Ataques ao direito ao aborto em Espanha e Portugal

O governo de Mariano Rajoy, de direita, quer uma nova lei que só permita o aborto em caso de violação da mulher e de anomalia fetal incompatível com a vida. Em Portugal, Passos e Portas querem acabar com o aborto gratuito.

 

Desde 2010 que as mulheres espanholas têm assegurada a interrupção da gravidez até as 14 semanas por sua decisão, sem precisar alegar qualquer motivo. Além disso, a lei então aprovada garante o direito ao aborto caso a continuidade da gestação ofereça riscos à saúde do feto e da mulher até as 22 semanas. Após esse período, o aborto é permitido quando o feto apresente anomalias incuráveis ou incompatíveis com a vida. Em todos esses casos, a prática do aborto é financiada pelo Estado, em instituições públicas ou privadas.

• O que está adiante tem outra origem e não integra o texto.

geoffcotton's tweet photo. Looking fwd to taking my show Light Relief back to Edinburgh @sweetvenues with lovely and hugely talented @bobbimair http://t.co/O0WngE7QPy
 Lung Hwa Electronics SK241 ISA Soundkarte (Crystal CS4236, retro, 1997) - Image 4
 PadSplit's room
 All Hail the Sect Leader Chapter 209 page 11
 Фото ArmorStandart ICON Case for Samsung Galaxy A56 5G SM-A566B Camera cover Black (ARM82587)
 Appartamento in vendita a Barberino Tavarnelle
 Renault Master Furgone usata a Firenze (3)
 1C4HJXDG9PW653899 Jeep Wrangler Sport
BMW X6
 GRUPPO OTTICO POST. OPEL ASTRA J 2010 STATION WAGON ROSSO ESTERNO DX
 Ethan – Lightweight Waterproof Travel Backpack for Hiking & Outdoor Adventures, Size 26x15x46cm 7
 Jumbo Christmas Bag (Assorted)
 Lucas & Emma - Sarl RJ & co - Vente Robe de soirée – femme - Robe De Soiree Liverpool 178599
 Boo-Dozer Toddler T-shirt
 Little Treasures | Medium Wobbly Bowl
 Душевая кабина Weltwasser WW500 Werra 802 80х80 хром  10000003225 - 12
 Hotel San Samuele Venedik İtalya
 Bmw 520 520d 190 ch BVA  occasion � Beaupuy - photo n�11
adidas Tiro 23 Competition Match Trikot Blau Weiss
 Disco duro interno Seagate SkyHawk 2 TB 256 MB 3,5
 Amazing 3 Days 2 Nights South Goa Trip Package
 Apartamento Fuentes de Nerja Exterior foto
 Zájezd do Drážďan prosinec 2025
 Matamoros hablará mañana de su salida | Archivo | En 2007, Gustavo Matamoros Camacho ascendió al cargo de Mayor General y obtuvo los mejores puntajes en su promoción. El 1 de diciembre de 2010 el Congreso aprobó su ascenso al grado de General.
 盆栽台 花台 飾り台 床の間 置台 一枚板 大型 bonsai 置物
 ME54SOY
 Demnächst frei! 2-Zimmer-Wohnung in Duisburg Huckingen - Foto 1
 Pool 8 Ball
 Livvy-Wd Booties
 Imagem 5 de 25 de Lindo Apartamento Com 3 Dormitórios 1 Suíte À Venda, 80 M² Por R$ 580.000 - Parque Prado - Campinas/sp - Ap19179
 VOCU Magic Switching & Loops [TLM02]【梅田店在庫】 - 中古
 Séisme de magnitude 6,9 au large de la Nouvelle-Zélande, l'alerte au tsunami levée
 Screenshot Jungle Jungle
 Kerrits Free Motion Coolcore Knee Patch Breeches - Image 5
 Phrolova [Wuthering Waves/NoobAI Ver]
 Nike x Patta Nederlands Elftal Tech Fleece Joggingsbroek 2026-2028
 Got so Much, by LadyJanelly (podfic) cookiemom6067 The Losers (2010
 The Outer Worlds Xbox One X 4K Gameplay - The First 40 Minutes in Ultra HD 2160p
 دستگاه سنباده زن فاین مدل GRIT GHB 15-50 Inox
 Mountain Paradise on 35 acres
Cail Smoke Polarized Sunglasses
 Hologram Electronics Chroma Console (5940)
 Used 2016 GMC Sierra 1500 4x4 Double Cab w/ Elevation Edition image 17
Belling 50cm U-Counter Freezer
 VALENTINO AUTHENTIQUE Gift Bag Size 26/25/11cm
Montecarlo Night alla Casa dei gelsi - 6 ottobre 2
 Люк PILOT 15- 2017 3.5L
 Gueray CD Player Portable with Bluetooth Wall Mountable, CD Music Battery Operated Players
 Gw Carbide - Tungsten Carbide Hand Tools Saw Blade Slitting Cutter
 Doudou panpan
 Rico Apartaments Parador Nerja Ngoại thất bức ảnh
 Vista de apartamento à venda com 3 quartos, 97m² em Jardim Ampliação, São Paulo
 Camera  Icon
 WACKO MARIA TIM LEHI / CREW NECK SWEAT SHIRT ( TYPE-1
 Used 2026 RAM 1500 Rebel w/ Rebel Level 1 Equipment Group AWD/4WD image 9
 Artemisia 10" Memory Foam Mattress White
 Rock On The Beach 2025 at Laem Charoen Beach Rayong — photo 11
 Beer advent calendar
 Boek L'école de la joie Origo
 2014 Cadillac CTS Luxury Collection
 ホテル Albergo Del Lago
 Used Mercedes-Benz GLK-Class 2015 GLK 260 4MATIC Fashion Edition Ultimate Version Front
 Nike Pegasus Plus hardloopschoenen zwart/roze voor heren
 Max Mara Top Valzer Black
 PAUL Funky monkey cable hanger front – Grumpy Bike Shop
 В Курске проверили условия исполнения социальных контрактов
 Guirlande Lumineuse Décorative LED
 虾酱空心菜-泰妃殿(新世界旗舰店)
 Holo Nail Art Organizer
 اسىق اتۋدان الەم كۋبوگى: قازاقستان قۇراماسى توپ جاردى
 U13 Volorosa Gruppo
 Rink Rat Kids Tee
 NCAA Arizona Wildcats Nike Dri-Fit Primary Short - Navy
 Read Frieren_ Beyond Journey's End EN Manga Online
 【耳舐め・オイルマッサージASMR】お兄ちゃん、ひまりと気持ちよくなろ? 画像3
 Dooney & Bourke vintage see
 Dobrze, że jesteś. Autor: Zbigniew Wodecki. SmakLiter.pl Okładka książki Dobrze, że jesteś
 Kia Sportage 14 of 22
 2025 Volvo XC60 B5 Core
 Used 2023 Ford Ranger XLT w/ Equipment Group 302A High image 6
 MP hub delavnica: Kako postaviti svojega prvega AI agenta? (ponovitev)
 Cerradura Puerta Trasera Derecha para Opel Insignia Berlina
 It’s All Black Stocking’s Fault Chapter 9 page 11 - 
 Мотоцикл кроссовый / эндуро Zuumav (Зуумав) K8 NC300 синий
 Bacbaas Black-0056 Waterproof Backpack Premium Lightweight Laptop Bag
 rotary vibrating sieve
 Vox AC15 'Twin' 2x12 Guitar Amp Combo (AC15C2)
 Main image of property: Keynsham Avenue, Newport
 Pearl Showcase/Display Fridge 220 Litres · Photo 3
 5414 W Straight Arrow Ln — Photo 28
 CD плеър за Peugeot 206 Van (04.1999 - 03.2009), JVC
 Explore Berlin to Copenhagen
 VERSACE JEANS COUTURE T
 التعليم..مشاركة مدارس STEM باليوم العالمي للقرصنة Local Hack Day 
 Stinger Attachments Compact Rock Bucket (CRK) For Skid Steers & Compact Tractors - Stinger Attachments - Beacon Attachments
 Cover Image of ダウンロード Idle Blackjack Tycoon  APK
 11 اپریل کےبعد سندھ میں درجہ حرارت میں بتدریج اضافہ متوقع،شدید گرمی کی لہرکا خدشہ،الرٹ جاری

É esta lei, que representou uma grande vitória das mulheres do Estado Espanhol, que o governo do PP quer revogar e substituir por outra que significará, caso seja aprovada, um retrocesso inclusive em relação à legislação sobre a matéria existente até 2010. A proposta apresentada pelo ministro da Justiça, Alberto Ruiz-Gallardón, e aprovada pelo Conselho de Ministros em dezembro, só permite o aborto em duas circunstâncias: quando a gravidez for decorrente de violação ou, até a 22ª semana, o feto apresentar malformações consideradas incompatíveis com a vida e suponha um grave risco para a saúde psíquica da mulher. Em qualquer outro caso o aborto passa a ser proibido e os profissionais envolvidos na sua realização serão acusados de crime.

A lei que vigorou entre 1985 e 2010, a primeira depois do franquismo, apontava uma outra possibilidade de aborto legal além das duas únicas previstas no projeto de Alberto Ruiz-Gallardón. Era possível interromper a gravidez a qualquer momento desde que a mulher alegasse risco grave para a sua saúde física ou psíquica, aprovado por um relatório médico.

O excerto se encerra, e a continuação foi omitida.